In a country where so many getaways are difficult to access, the relatively advanced infrastructure (I use the term loosely) makes it an accessible weekend destination.
But it is also somewhere you could happily stay for a week enjoying all the activities on offer.
I have visited Boracay at least ten times over the years for these reasons. It was an easy break from the concrete jungle of Manila.
So I have put together this detailed post to try and share as much of the knowledge I have gathered over the years, and give you a head start when planning your holiday.
This is a long post so use the menu below to jump ahead to the section that interests you the most.
In this post:
- Realistic Expectations
- The Boracay Lifestyle
- Where to Stay
- D’Talipapa (Wet Market) – Bonus Food Tip!
- Boracay Activities
- Safety & Legal Risks
- DIY vs Travel Packages
- DIY Boracay Travel Guide
- Final Word
Boracay is a stunning place and I have always loved coming here. But any natural wonders that you are seeking are likely to be diminished from what they once were.
Over the years the commercial invasion of the island has been well known – and that is half the appeal of the modern Boracay experience.
The over-development and exploitation of the island came to a head in 2019 when it was closed to tourists for six months (a complete overreaction in my opinion and a decision made with very little planning or long term objectives – but don’t get me started on that).
The new Boracay is (apparently) all about responsible and sustainable management of tourism. Which is of course, a good thing.
But you cannot escape the fact that while swimming in glowing turquoise waters you will be staring back at a beachfront Starbucks.
I guess my point is that if you are looking for unspoiled island beauty then you will find plenty of options elsewhere.
If you can accept Boracay for what it is then you will find a destination that is purpose built for the modern tourist (with a hint of Philippines thrown in).
While this is not unique on a list of global tourism hot spots it is actually unique for the Philippines.
Other islands in the Philippines are mostly less developed, have no nightlife, have poor accessibility but will be a much more cultural experience.There are also plenty of unusual experiences to be found elsewhere that are exclusively Filipino.

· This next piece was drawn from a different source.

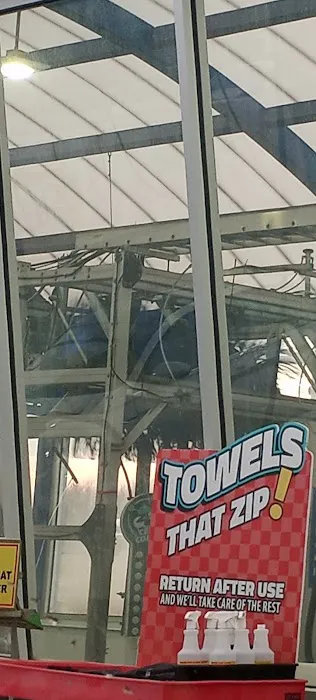 Zips Car Wash Picture 5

Modern Boracay doesn’t pretend to be any of these things.
It is the only local destination that offers natural beauty, relatively convenient infrastructure, good food, good nightlife and plenty of decent accommodation to fit any budget.

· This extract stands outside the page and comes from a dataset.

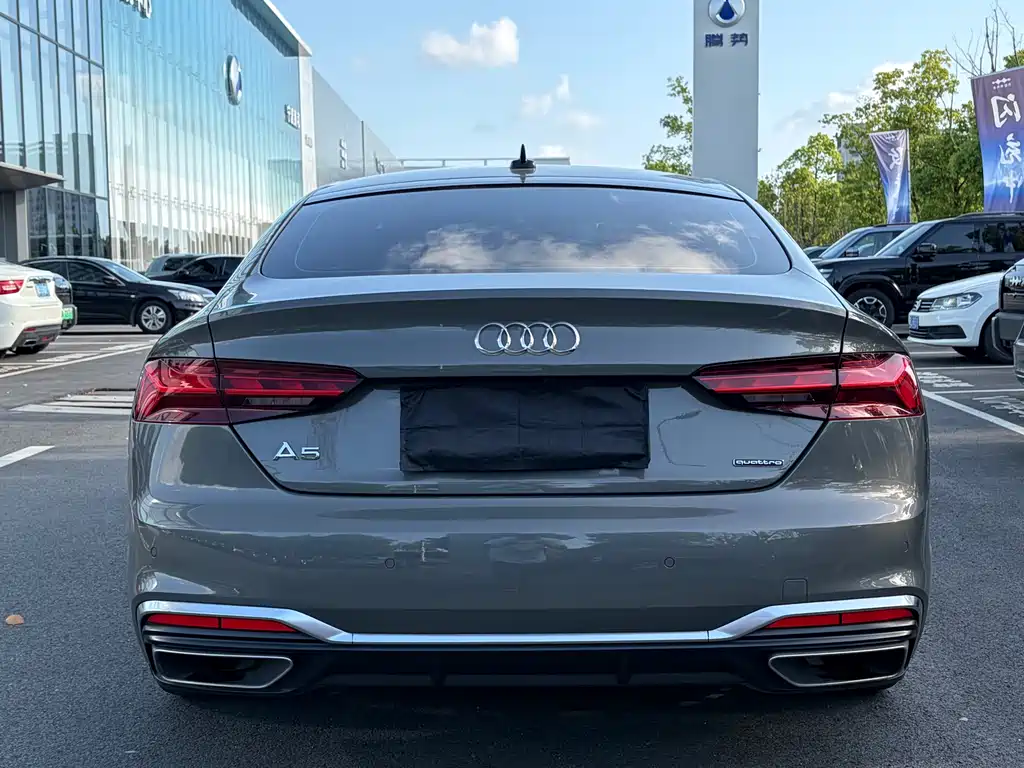 Audi A5 2023 — фото 16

It is just a fun place for a relaxing and/or action packed holiday.
The Boracay Lifestyle
You have so many options to choose from that the island allows you to be as active or inactive as you like.
Boracay offers water and land activities that are great fun! My first visit there was quite active and I had a great time trying out the various activities.
Every other visit I have taken the laid back route and just enjoyed the water, food, and sunshine… With an afternoon nap whenever I feel like it.
Where to Stay
Boracay is covered in hotels, and half of them seem to be under a constant state of renovation. So if you can find a modern (and complete!) hotel, near the water, for a reasonable price, then you are sure to have a good experience.
The main beach is broken up into four stations which helps you get an easy read on the location when skimming for a deal.
I have included comments on some of the hotels that I would recommend for each station aside from Station 4 – because I have never stayed there.
This is located at the northern end of the island and is where you will find the five star hotels, and a handful of four star.
If you are chasing luxury then this is where you would stay. But unless you want to have a hotel resort experience, where 90% of your time is spent within the hotel then I wouldn’t bother.
The cost is not worth it if you are always out.
But, there are some stunning hotels here with beachfront views, exclusive beach beds, swimming pools and restaurants that can make it needless to go anywhere else.
Not exactly an authentic Philippines experience, but hey, not a bad way to spend a few days.
Station 2 & 3
I have lumped these together as they sit in the central part of White Beach on either side of the main D-Mall.
This is where most of the action is, and has been my go to for all but one trip.
You will be surrounded by plenty of bars, restaurants, hotels and shops. It is also the starting point for most of the water sports.
The price point of the hotels is mid range and the majority are three and four star. You will find some decent budget options too and a handful of hostels.
Middle of the beach, mid price point, middle class people… you get the idea.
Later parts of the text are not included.